Question about aws iot example

khoih-prog / EthernetWebServer_SSL

Simple TLS/SSL Ethernet WebServer, HTTP Client and WebSocket Client library for for AVR, Portenta_H7, Teensy, SAM DUE, SAMD21, SAMD51, STM32F/L/H/G/WB/MP1, nRF52 and RASPBERRY_PI_PICO boards using Ethernet shields W5100, W5200, W5500, ENC28J60 or Teensy 4.1 NativeEthernet/QNEthernet. It now supports Ethernet TLS/SSL Client. The library supports HTTP/HTTPS GET and POST requests, provides argument parsing, handles one client at a time. It supports Arduino boards (SAM DUE, Atmel SAM3X8E ARM Cortex-M3, SAMD21, SAMD51, ESP8266, ESP32, Adafruit nRF52, Teensy boards) using Wiznet W5x00 or ENC28J60 network shields. Ethernet_Generic library is used as default for W5x00 with custom SPI

GNU General Public License v3.0

46 stars 10 forks source link

Question about aws iot example #24

Closed simogaspa84 closed 2 years ago

simogaspa84 commented 2 years ago

Hi Mr @khoih-prog ..

I was following your example here ...

https://github.com/khoih-prog/EthernetWebServer_SSL/blob/main/examples/AWS_IoT/AWS_IoT.ino

I have a question about this variable

SSLClientParameters mTLS = SSLClientParameters::fromPEM(my_cert, sizeof my_cert, my_key, sizeof my_key);

I don't find where you use or where should be called.. I think it is missing in the example because it is mndatory for aws connection ..

Please let me know ..

Thanks for your work

khoih-prog commented 2 years ago

The mTLS use (in function setMutualAuthParams) is optional to add a client certificate and enable support for mutual authentication, if needed.

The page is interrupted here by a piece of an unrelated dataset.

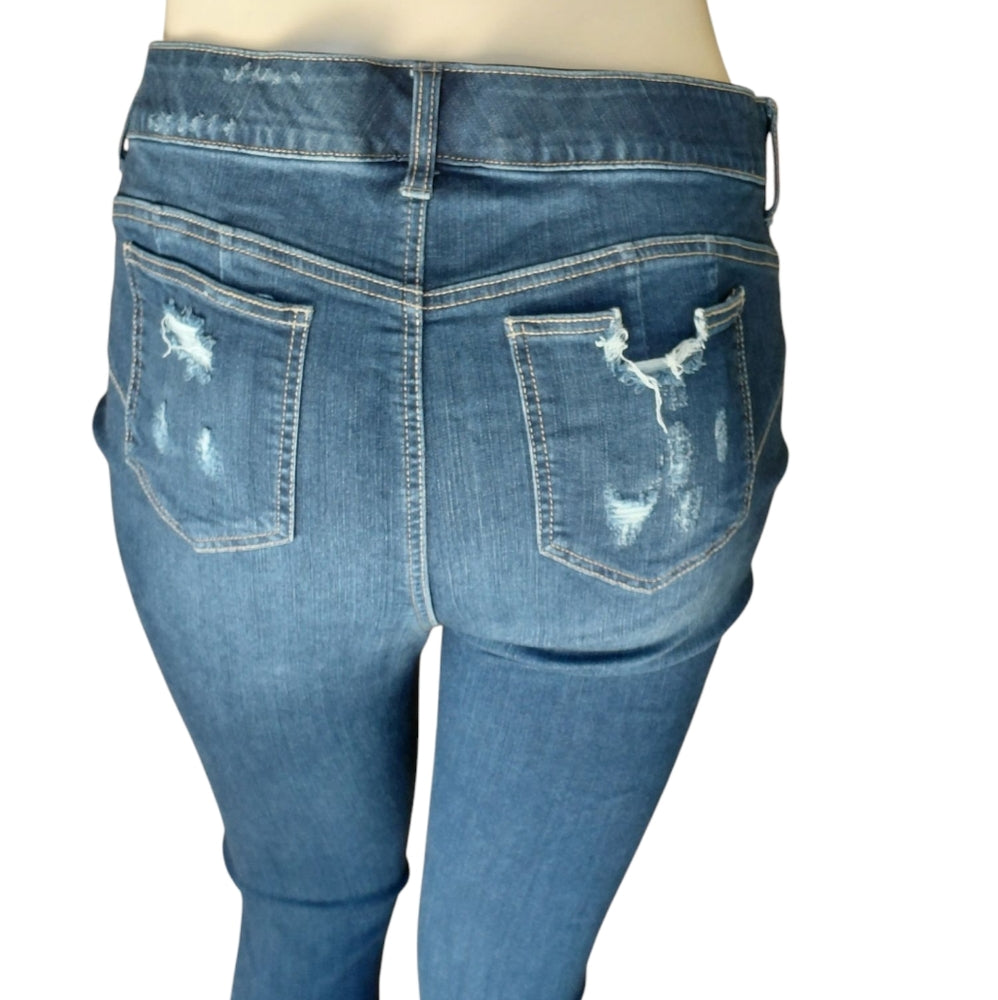 90011....Torrid Premium Skinny Jeans Size 34" Waist, 25" Inseam, 10" Rise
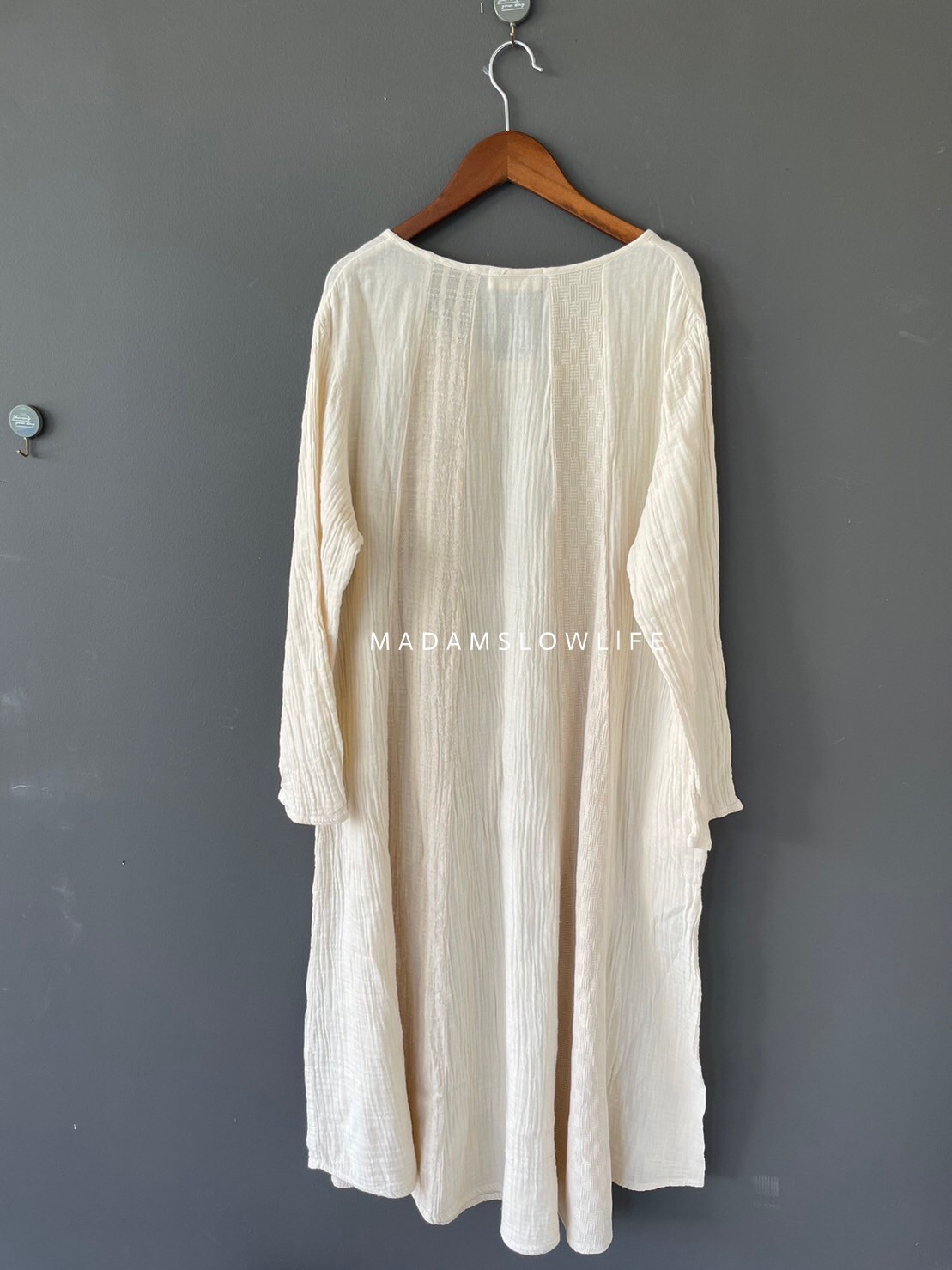 ชุดเดรสทรงเอแขนยาว Size : F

If used, it must be called before EthernetSSLClient starting an SSL connection.

Function prototype

void setMutualAuthParams(const SSLClientParameters& params);

Used as follows

ethClientSSL.setMutualAuthParams(mTLS);

You can try to add it before or after this line

https://github.com/khoih-prog/EthernetWebServer_SSL/blob/3bc3b43e9b0da7a3a2f5bb40c679b1721ab6573e/examples/AWS_IoT/AWS_IoT.ino#L353

simogaspa84 commented 2 years ago

Thanks a lot @khoih-prog but for the connection to aws iot core i think it is mandatory for speaking with a device with its own private key and certificate.

khoih-prog commented 2 years ago

it is mandatory

I don't know if it's mandatory or not. Possibly new and only for recent AWS. Mutual authentication is normally not required for SSL client.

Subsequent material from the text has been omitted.